------ Material for this exercise ------
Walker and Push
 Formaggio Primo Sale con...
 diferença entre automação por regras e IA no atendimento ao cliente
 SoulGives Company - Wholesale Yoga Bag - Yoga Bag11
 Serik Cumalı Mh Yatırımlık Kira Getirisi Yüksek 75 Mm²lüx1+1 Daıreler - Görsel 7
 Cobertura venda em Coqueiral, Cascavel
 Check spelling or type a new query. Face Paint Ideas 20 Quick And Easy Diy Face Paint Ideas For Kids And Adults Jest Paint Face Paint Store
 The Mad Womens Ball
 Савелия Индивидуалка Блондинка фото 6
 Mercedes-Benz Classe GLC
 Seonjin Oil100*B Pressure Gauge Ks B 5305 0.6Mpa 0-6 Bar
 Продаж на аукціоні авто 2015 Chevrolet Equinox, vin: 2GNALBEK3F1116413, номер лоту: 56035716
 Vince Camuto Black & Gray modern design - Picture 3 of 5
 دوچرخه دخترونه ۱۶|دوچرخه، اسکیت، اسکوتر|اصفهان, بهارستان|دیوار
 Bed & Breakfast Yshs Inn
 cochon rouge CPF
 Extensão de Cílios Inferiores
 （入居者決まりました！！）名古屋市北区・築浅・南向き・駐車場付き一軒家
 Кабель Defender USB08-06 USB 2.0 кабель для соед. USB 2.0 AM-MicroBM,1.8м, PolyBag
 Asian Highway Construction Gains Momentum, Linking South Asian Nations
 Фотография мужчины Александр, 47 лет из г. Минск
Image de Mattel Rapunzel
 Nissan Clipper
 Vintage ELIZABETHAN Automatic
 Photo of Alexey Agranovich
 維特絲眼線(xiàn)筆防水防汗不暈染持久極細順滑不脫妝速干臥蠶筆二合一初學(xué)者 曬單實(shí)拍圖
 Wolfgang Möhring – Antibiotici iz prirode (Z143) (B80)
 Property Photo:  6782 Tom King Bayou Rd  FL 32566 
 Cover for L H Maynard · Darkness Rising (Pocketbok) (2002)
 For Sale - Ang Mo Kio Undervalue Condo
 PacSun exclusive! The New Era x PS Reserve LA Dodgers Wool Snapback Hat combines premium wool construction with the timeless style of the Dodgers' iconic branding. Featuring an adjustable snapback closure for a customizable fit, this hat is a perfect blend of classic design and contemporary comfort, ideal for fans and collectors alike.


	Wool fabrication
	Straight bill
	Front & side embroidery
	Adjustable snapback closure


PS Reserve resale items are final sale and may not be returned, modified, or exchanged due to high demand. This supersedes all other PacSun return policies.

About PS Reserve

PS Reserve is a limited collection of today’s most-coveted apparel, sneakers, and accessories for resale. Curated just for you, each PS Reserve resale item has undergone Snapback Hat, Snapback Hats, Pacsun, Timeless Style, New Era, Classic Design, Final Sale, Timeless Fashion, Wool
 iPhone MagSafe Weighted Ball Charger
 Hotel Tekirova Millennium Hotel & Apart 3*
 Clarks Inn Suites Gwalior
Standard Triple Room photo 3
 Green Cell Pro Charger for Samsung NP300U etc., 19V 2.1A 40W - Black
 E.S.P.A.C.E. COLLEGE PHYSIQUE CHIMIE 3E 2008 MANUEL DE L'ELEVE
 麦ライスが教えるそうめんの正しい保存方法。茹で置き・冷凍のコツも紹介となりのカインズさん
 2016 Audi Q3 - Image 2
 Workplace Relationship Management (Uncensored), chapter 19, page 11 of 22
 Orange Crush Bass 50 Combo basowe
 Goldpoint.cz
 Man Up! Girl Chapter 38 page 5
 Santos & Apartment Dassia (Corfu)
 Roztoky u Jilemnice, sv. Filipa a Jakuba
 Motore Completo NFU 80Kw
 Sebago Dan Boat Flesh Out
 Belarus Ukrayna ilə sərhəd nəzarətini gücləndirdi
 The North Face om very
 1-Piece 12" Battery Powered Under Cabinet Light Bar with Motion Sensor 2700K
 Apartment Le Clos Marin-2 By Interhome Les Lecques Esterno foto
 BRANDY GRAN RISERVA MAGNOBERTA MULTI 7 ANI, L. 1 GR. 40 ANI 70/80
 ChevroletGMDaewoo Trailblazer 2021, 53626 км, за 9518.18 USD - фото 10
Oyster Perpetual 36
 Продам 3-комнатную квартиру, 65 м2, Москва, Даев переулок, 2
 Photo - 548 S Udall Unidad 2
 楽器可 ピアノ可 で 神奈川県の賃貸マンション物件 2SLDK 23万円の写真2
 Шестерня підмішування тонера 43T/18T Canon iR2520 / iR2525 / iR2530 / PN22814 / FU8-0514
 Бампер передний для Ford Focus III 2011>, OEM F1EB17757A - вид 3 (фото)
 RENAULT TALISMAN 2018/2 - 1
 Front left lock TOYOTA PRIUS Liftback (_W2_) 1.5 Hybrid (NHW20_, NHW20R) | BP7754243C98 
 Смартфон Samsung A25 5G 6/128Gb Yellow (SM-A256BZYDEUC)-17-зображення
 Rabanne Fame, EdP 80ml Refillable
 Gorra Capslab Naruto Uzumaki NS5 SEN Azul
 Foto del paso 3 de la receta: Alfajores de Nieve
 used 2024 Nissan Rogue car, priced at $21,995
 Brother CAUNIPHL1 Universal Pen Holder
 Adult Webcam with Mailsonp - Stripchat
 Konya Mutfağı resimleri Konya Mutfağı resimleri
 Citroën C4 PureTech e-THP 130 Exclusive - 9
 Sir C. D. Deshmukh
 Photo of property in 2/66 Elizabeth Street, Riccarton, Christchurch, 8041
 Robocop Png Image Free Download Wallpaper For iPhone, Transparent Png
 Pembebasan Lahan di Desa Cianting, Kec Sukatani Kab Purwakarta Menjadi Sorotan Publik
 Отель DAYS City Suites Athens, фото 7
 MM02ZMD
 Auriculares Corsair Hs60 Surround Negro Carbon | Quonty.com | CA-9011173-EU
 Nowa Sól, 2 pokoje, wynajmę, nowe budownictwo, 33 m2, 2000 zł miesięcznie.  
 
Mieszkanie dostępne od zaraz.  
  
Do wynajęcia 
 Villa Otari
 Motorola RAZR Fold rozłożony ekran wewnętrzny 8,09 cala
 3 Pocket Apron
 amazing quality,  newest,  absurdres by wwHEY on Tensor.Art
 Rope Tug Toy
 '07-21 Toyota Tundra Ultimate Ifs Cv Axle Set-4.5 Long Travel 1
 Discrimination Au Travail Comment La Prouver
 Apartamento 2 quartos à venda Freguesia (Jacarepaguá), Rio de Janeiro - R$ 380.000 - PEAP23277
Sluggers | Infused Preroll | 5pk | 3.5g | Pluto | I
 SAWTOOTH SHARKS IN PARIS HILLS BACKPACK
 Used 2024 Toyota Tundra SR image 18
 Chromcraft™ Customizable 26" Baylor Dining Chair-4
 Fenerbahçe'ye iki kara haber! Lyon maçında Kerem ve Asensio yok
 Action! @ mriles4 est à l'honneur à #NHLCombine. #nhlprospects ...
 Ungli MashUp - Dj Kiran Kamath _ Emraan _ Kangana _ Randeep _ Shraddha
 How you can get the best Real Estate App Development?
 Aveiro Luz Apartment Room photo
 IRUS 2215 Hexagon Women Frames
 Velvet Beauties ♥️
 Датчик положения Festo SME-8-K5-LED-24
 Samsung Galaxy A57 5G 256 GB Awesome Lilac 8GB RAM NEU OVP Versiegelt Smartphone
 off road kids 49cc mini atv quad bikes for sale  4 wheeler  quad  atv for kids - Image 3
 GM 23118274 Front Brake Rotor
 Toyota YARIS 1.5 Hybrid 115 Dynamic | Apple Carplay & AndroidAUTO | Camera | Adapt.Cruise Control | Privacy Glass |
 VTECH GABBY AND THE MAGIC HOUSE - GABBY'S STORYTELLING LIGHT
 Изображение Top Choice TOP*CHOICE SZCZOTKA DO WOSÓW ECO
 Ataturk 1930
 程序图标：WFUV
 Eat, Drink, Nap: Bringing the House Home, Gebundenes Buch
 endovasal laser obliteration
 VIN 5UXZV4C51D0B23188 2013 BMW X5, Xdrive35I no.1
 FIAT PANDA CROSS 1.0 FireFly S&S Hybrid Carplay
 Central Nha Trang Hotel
------
■ The problem: Within the data above, the span starting at the line containing "Photo of property" and ending at the line containing "Long Travel 1" is to be retyped exactly, with no other lines.

■ Response for this exercise:
 Photo of property in 2/66 Elizabeth Street, Riccarton, Christchurch, 8041
 Robocop Png Image Free Download Wallpaper For iPhone, Transparent Png
 Pembebasan Lahan di Desa Cianting, Kec Sukatani Kab Purwakarta Menjadi Sorotan Publik
 Отель DAYS City Suites Athens, фото 7
 MM02ZMD
 Auriculares Corsair Hs60 Surround Negro Carbon | Quonty.com | CA-9011173-EU
 Nowa Sól, 2 pokoje, wynajmę, nowe budownictwo, 33 m2, 2000 zł miesięcznie.  
 
Mieszkanie dostępne od zaraz.  
  
Do wynajęcia 
 Villa Otari
 Motorola RAZR Fold rozłożony ekran wewnętrzny 8,09 cala
 3 Pocket Apron
 amazing quality,  newest,  absurdres by wwHEY on Tensor.Art
 Rope Tug Toy
 '07-21 Toyota Tundra Ultimate Ifs Cv Axle Set-4.5 Long Travel 1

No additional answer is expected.